After anchoring for the first night, we moved right next door into the Coral Ridge Yacht Club to stay through the holiday. We would use this as our last opportunity to really do final preparations and provisioning for our trip to the Bahamas, plus we would enjoy the holiday.
This is the first Christmas that Frank hasn’t been employed, and he has always made a point of making an appearance at work to show support for those who have to work the holiday. Well, old habits die hard, because he kept thanking all the employees for working on Christmas Eve and asking them what time they were getting off of work and making a big fuss over all of them. I had to remind him a couple of times that he was off duty and that this wasn’t the restaurant in the casino!! It was very sweet.

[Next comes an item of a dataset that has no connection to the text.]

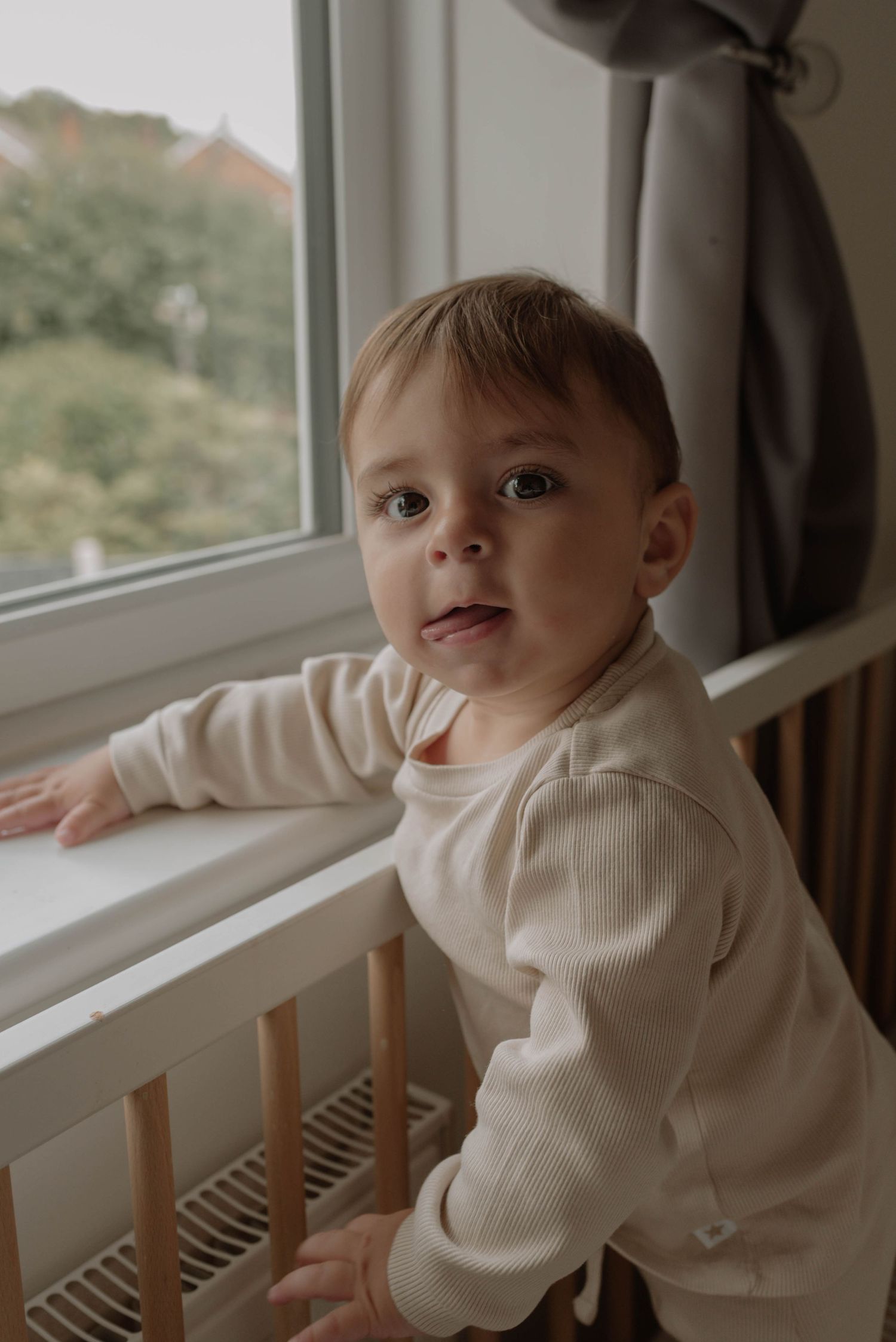 A small child in a cream sweater looks out a window while standing in a wooden crib.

So what did we do on Christmas Day?
Magnolia hosted Christmas dinner and we had another nice night of camaraderie, good food, and good fun. We were all missing our families, but we made the best of the situation and had a nice day together!
The next day was a work day . . . laundry, grocery shopping and boat maintenance! We did a good job of dividing and conquering chores that day.

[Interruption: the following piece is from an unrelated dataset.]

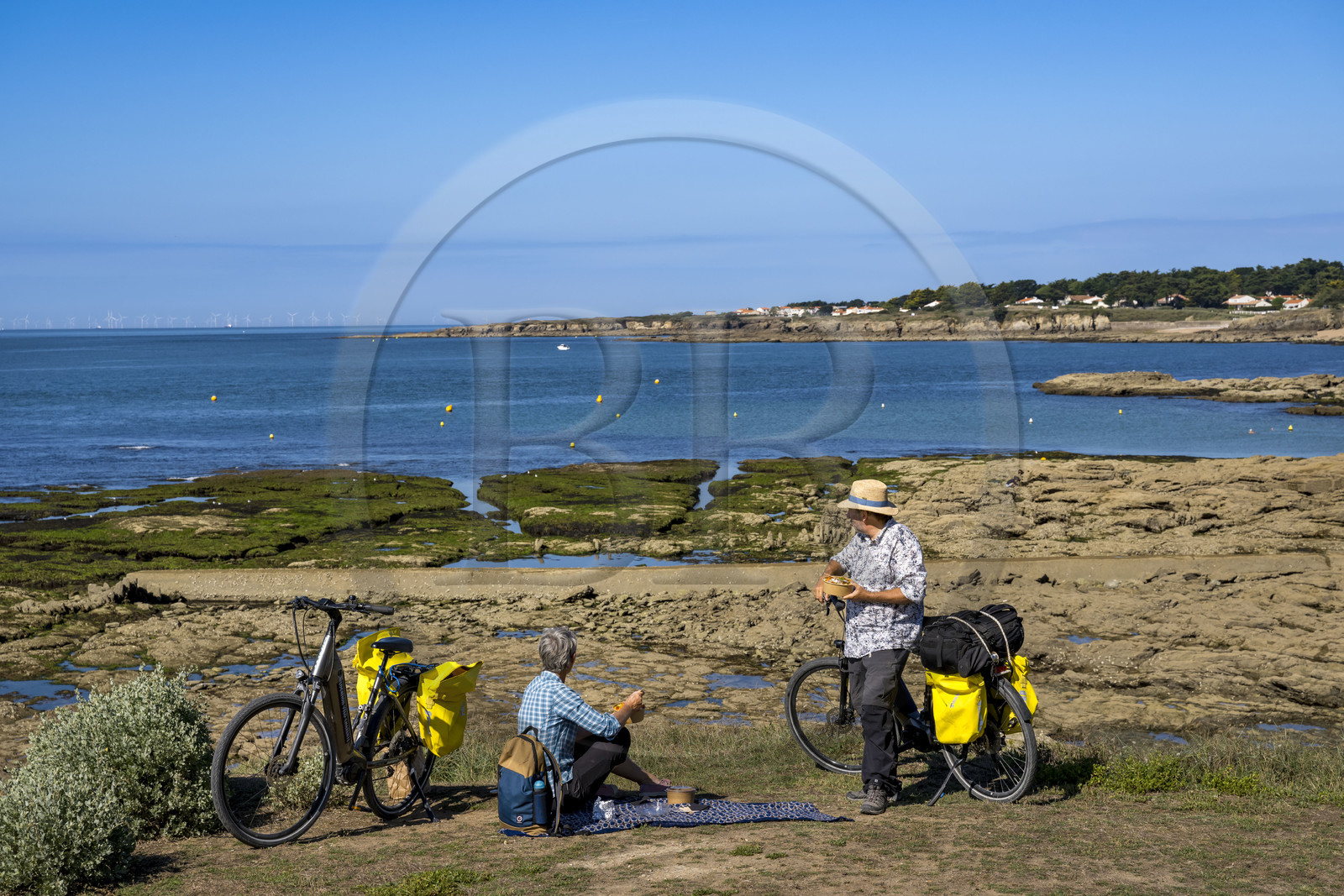 France, Loire Atlantique, Préfailles, picnic along the Vélodyssée cycle route along the ocean and Pointe Saint Gildas in the background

And then Friday, we took off for Miami. Still had to go through one more bridge before getting to the ocean to travel down to the Miami area. We can’t take the ICW to there (as is the case for most sail boats) because there is one fixed bridge that was built some time ago that is lower than the height of our mast. It was a good day on the water and . . . gasp . . . we saw those white things that flap in the breeze come out and our engine was turned off for a couple hours of the trip! Yahoo!
We got into Miami and anchored in Sunset Lake for a couple of nights. From there we could take the dinghy in and explore Miami Beach/South Beach area!
Today we moved to an anchorage south of Miami and closer to the ocean where we will leave tomorrow for our big adventure to the Bahamas! We are parked outside of No Name Harbor . . . I swear, that’s its name! Anchor up at first light and off to Bimini! It is only 40 some miles as the crow flies, but the Gulf Stream will pull us north for a while and our path will essentially be in the shape of an “S”. Tomorrow we will try to hustle to the local phone office to set up new phone numbers while we are in the Bahamas and to get a mobile WiFi unit hooked up. Our US phones are not usable in the Bahamas, so our current phone numbers will be useless for the next few months! We are hoping that we will be happily surprised by the amount of connectivity we’ll be able to have, but only time will tell! Wish us luck! New Years in Bimini, here we come!